> _Exercise instructions_
Below are entries to reproduce exactly, apart from their pictures.

> _Given data_
══════════

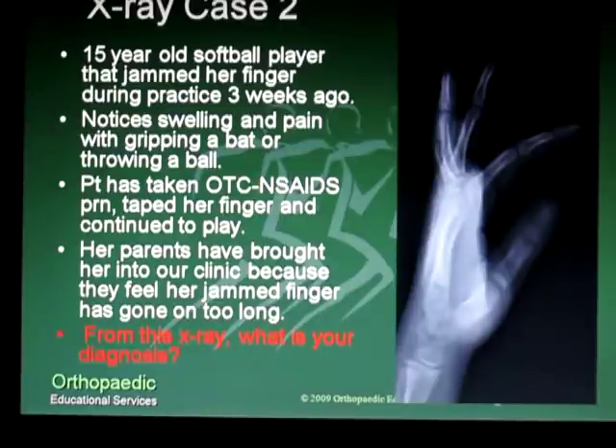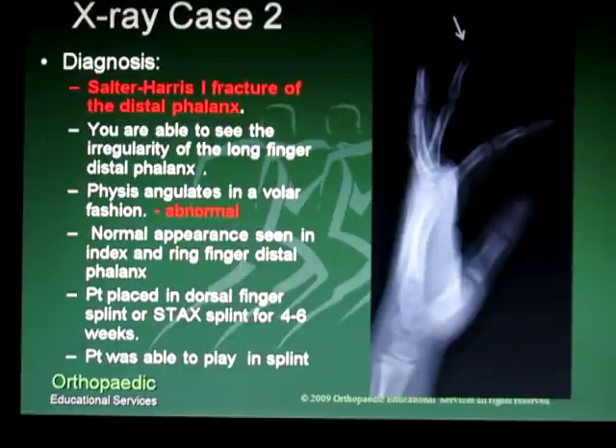From the x-ray you see here at the right, what is your diagnosis? Her diagnosis was a Salter-Harris I fracture of the distal phalanx. You can see from the arrow there's an irregularity in the distal phalanx — the physis shows a volar angulation, and this represents an opening wedge in comparison to the normal appearing index, ring, and small finger distal phalanx.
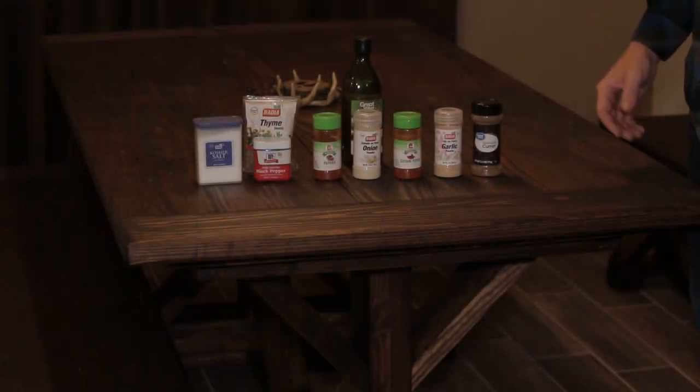We've got another venison video — I'm excited. This is one of my favorites: dry rub venison backstrap on the grill. Every time I'm able to harvest a deer, I have to make a backstrap this way. It's absolutely incredible. It involves salt, pepper, six different spices, and a little bit of olive oil. Try this recipe as written first, then adjust to your preference — I guarantee you will love it.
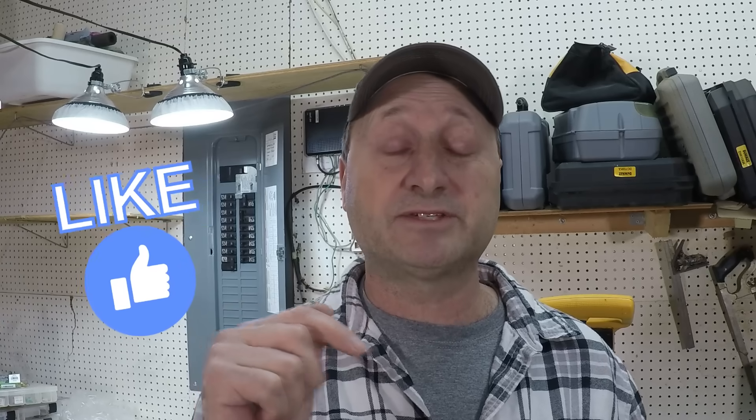If this video helps you, please hit that like button — it helps the video rank better so that way everyone else can see it too.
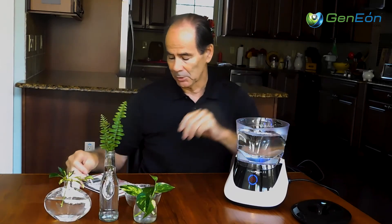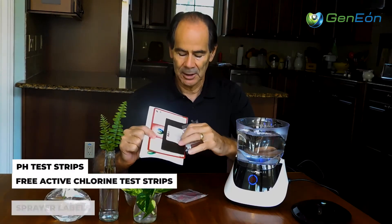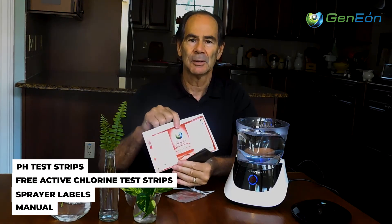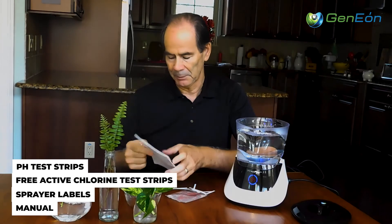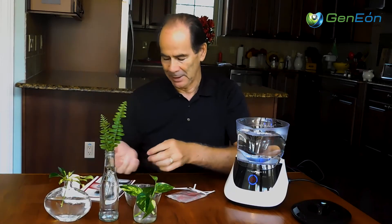Let me take one of our test strips, which are included when we send you this unit. You get test strips on pH, and you get test strips on free hypochlorine — hypochlorous acid. And then you also get labels, and we have plenty more labels if you want them. In addition to that, there's a book, so for you people that like to read a lot, one more thing to read, put on your bedtime reading list.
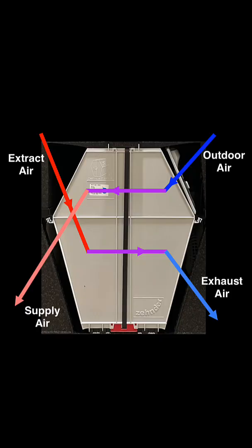Inside that machine is what you see here. This is the core of the system — it's a heat exchanger and a moisture exchanger. There are two air streams. On the top right, you see the outdoor air coming in. If you follow that arrow down, it changes color because that represents it getting warmer with the heat exchange. On the top left, you see the extract air — that's the air from the house being pulled into the system and then sent to the outdoors. The heat and moisture exchange happens inside that core.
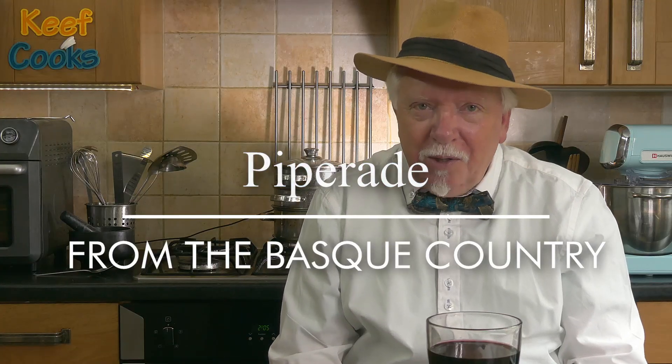Greetings Gastronauts, this is Keith Cooks — or should I say, this is Keith Cooks Keith Floyd. Yes indeed, I'm doing another one from this marvellous TV series. I did one last week — liver dumplings from Alsace — which actually went down surprisingly well. So I'm going to do something from the Basque Country, which is down in the southwest corner of France and also spills over into Spain. They do have their own unique cuisine, one dish of which is Piperade, and that's what I'm going to make today.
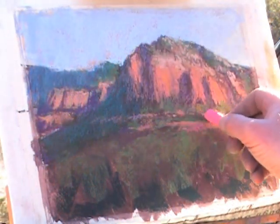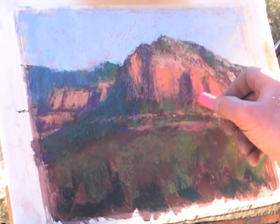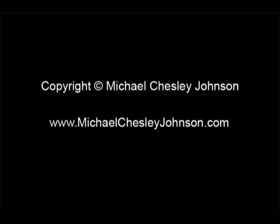In the first, I'll demonstrate how to start with a monochromatic underpainting, and in the second, I'll demonstrate how to start with a full color underpainting. Every pastel painter, whether beginner or advanced, will benefit from the pastel supplement course.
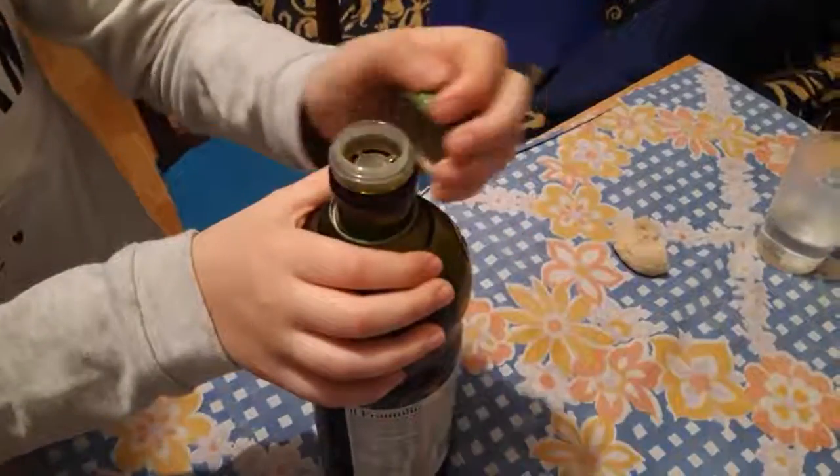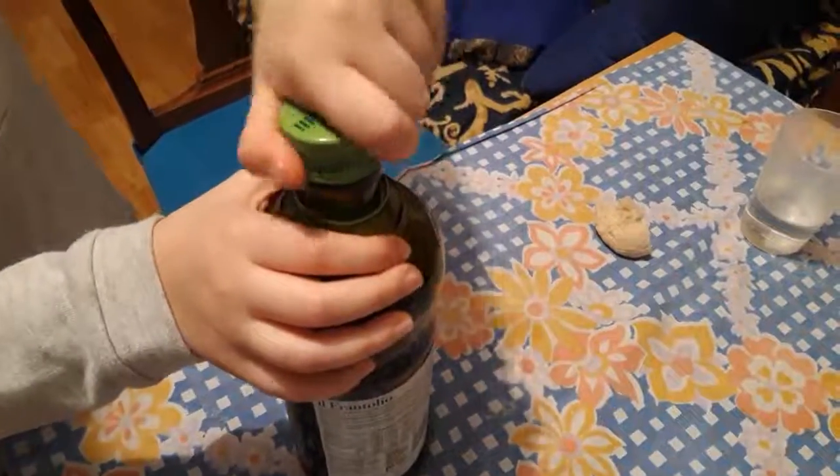How to lock it? How to throw away the garbage?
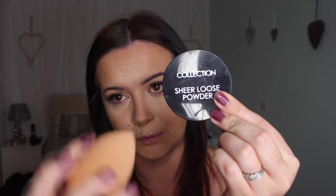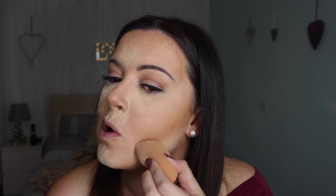I'm going to go in with some Collection loose sheer loose powder. This is the only sheer loose powder I own and it's fine - I don't need to go and buy a high-end one, this does exactly the same job. I'm just packing it on with my damp beauty sponge and baking that highlight we've done. I'm putting it under the contour color, on your jawline and your lower cheeks to make it look a little bit sharper. I just keep patting it on until I feel like I've got enough, then I'm going to leave it to sit there and bake for a little while.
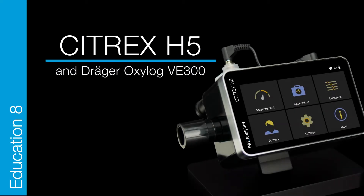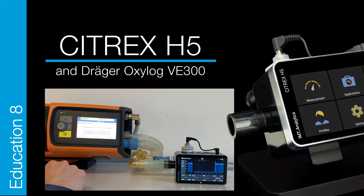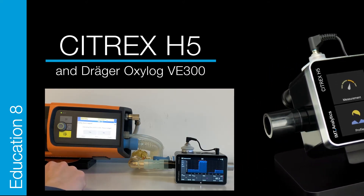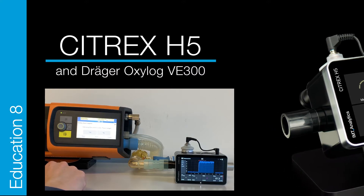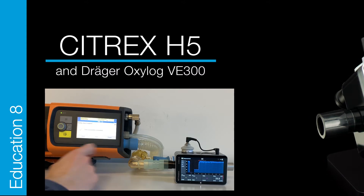Citrex H5 EducationAid: Citrex and Draeger OxyLog VE300. The Citrex H5 is designed to support you in a variety of daily applications, thanks to its precision and reliability. You can use the Citrex to test the OxyLog VE300.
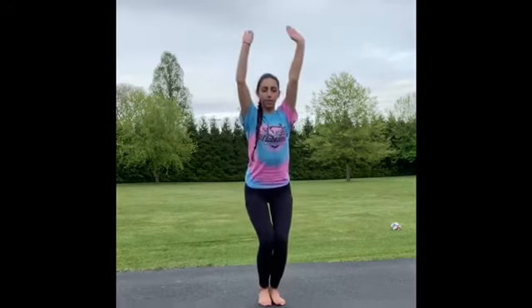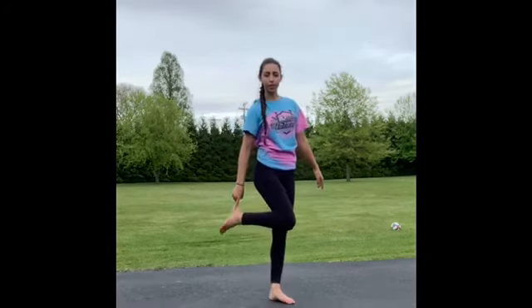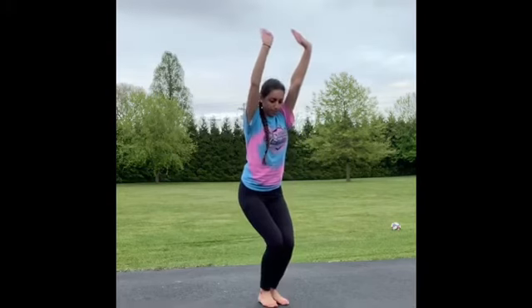Now we're going to try our tuck jump. We're going to start just like our straight jump, but instead of keeping our legs straight when we jump, we're going to tuck our knees into our belly just like our tuck shape. We'll swing our arms down, bending our legs, and jump up and bring our knees to our belly. Make sure you're not bringing your feet to your hiney — you need to bring your knees all the way to your belly. Make sure you finish when you're done.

══════════

> _Output for this task_
From the x-ray you see here at the right, what is your diagnosis? Her diagnosis was a Salter-Harris I fracture of the distal phalanx. You can see from the arrow there's an irregularity in the distal phalanx — the physis shows a volar angulation, and this represents an opening wedge in comparison to the normal appearing index, ring, and small finger distal phalanx.
We've got another venison video — I'm excited. This is one of my favorites: dry rub venison backstrap on the grill. Every time I'm able to harvest a deer, I have to make a backstrap this way. It's absolutely incredible. It involves salt, pepper, six different spices, and a little bit of olive oil. Try this recipe as written first, then adjust to your preference — I guarantee you will love it.
If this video helps you, please hit that like button — it helps the video rank better so that way everyone else can see it too.
Let me take one of our test strips, which are included when we send you this unit. You get test strips on pH, and you get test strips on free hypochlorine — hypochlorous acid. And then you also get labels, and we have plenty more labels if you want them. In addition to that, there's a book, so for you people that like to read a lot, one more thing to read, put on your bedtime reading list.
Inside that machine is what you see here. This is the core of the system — it's a heat exchanger and a moisture exchanger. There are two air streams. On the top right, you see the outdoor air coming in. If you follow that arrow down, it changes color because that represents it getting warmer with the heat exchange. On the top left, you see the extract air — that's the air from the house being pulled into the system and then sent to the outdoors. The heat and moisture exchange happens inside that core.
Greetings Gastronauts, this is Keith Cooks — or should I say, this is Keith Cooks Keith Floyd. Yes indeed, I'm doing another one from this marvellous TV series. I did one last week — liver dumplings from Alsace — which actually went down surprisingly well. So I'm going to do something from the Basque Country, which is down in the southwest corner of France and also spills over into Spain. They do have their own unique cuisine, one dish of which is Piperade, and that's what I'm going to make today.
In the first, I'll demonstrate how to start with a monochromatic underpainting, and in the second, I'll demonstrate how to start with a full color underpainting. Every pastel painter, whether beginner or advanced, will benefit from the pastel supplement course.
How to lock it? How to throw away the garbage?
I'm going to go in with some Collection loose sheer loose powder. This is the only sheer loose powder I own and it's fine - I don't need to go and buy a high-end one, this does exactly the same job. I'm just packing it on with my damp beauty sponge and baking that highlight we've done. I'm putting it under the contour color, on your jawline and your lower cheeks to make it look a little bit sharper. I just keep patting it on until I feel like I've got enough, then I'm going to leave it to sit there and bake for a little while.
Citrex H5 EducationAid: Citrex and Draeger OxyLog VE300. The Citrex H5 is designed to support you in a variety of daily applications, thanks to its precision and reliability. You can use the Citrex to test the OxyLog VE300.
Now we're going to try our tuck jump. We're going to start just like our straight jump, but instead of keeping our legs straight when we jump, we're going to tuck our knees into our belly just like our tuck shape. We'll swing our arms down, bending our legs, and jump up and bring our knees to our belly. Make sure you're not bringing your feet to your hiney — you need to bring your knees all the way to your belly. Make sure you finish when you're done.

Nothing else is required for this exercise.